I do agree with the hon. Member for Bishop Auckland regarding redress. Consumers must have effective ways to get things put right when they have a problem with their housing. That is why we are committed to legislate, so that freeholders have a right to challenge the reasonableness of any maintenance charges for which they are liable. That is why we will establish a new homes ombudsman to protect the interests of homebuyers and hold developers to account when things go wrong.
The hon. Member for Croydon Central asked four specific questions. First, I am certainly willing to consider the suggestion to use Help to Buy as a lever to improve standards. Secondly, on mis-selling, it is open to any hon. Member to make a reference to the regulatory authorities, whether that be the FCA or the Senior Salaries Review Body. Is the hon. Member for Bishop Auckland still on the Treasury Committee?

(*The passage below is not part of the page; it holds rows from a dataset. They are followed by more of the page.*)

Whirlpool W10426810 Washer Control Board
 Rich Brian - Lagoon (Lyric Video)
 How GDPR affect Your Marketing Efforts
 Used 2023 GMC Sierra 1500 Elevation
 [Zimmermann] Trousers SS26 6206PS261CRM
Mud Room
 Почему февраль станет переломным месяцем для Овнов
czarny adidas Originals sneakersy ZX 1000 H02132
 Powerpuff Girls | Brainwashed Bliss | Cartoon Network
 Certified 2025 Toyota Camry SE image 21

Well, the hon. Lady knows the FCA well, so if she wants to make a reference, then by all means she should. She asked me about the legislative timetable. Our aspiration is for some time in the next 12 months. The terms of reference have not been decided for Lord Best’s review of leasehold and whether those lessons could be transferred across the field. We will certainly consider that suggestion as part of the process.
In conclusion, it is certainly the case that as a constituency MP I have experience of exactly the issues that have been raised, and I have been in discussion, shall we say, with the developers concerned in my own constituency, so I am well aware of the issues that have been aired this afternoon. I am grateful to the hon. Lady for bringing such focus to the matter. I assure her that we will take action as soon as we can.